I believe that economists have something to offer in both cases. In the first, economic theory offers solutions to market failures, and though not every market failure can be completely overcome, the solutions can guide effective policy responses. I prefer market-based regulation to command and control solutions whenever possible, i.e. I prefer that government create the conditions for markets to function rather than direct intervention. But sometimes the only solution is to intervene directly and forcefully.
In the second case, the idea is a bit different. Here, equity is the issue so somehow society must first designate the outcome it is trying to produce before economists can help to achieve it. Right now, it is my perception that the majority of people want to expand to universal or near universal coverage if we can do so without breaking the bank, and without reducing the care they are used to. If we can find a way to do that, the majority will come on board. If that’s the case, if that’s what we have collectively decided we want, then the job of the economists is to find the best possible way of achieving that outcome (or whatever outcome is desired) given whatever constraints bind the process (whether political realities should be part of the set of constraints is a point of contention, so I’ll stay silent on that).
So if we are only concerned about efficiency, we do our best to resolve the market failures and leave it at that. We make sure, for example, that people have the information they need to make informed decisions about their care, that there aren’t incentives that cause doctors to order too much or too little of some type of care or test, that monopoly power is checked, etc., etc. There’s no guarantee that everyone will receive care, or that the distribution of care among those who do receive care will be as desired.

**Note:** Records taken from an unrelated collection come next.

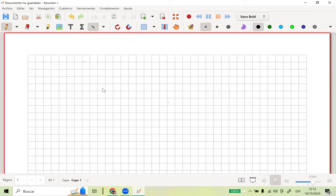Vamos a tratar de cubrir todo lo de límites. Me parece que podríamos comenzar con el tema de derivadas parciales. De hecho, el tema de derivadas no es tan... continuidad, disculpe. Haremos límites y continuidad. Y si alcanza el tiempo, hacemos derivadas parciales.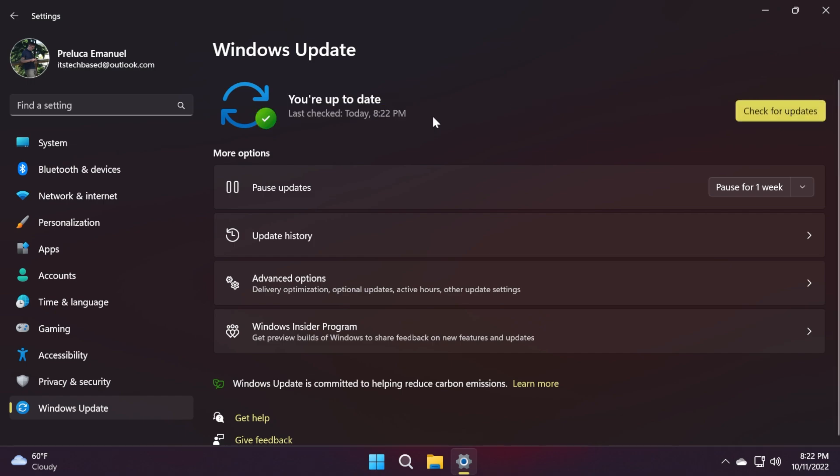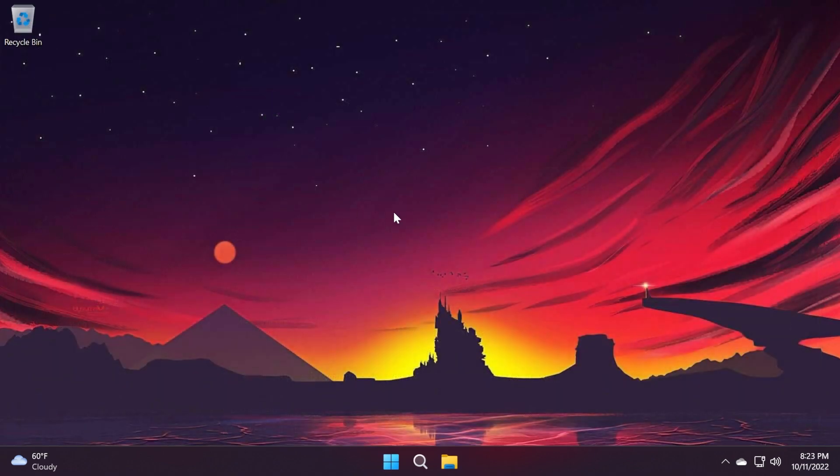This update makes quality improvements to the servicing stack, which is the component that installs Windows updates. And this ensures that you have a robust and reliable servicing stack so that your devices can receive and install Microsoft updates.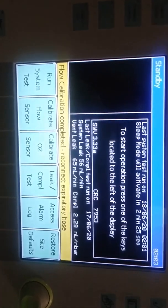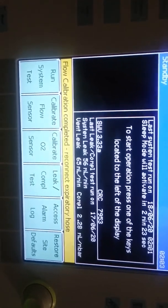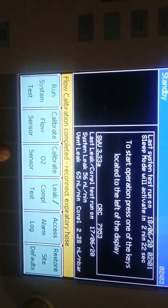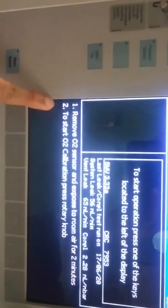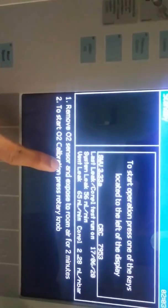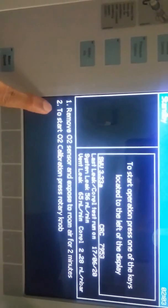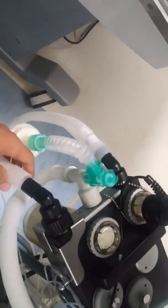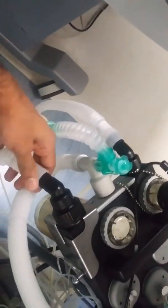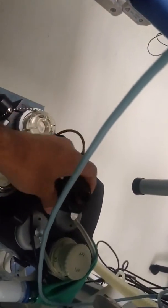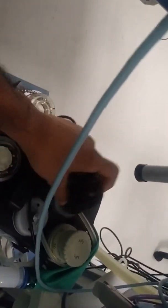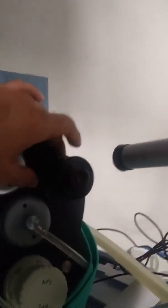Next is oxygen sensor calibration. First select the option then get the mandatory steps. First remove oxygen sensor from breathing system for two minutes. The oxygen sensor is situated near inspiratory limb. Second step is press the rotary knob to do calibration. After some time we can get the result - sensor calibration passed or failed. After complete calibration reconnect the oxygen sensor to breathing system.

But if we are concerned with equity too – and most of us aren’t comfortable watching people suffer when we know that help is readily available (perhaps nature imposes this externality upon us purposefully) – if we won’t let people die on the street or suffer needlessly due to our sense of fairness and equity – then we will want to intervene to achieve broad based coverage in the least cost and fairest manner we can find (and there may be other equity issue that are important too).
Both reasons, equity and efficiency, can justify government intervention into health care markets. I think equity is of paramount importance when it comes to health care, so for me that is enough to justify government intervention, and the existence of market failure simply adds to the case that government intervention is needed.
So those opposed to government involvement in health care markets have to first argue that there is no market failure significant enough to justify intervention, a tough argument in and of itself, and also argue that people who, for example, go without insurance or cannot afford the basic care they need deserve no compassion whatsoever from society more generally. That’s an argument I could never make even for those who could have paid for insurance but chose to take a chance they wouldn’t need care, let alone for those who cannot afford it under any circumstances. I want everyone to be covered as efficiently as possible, and to be required to pay their fair share of the bill, whatever that might be, for the care that’s made available to them.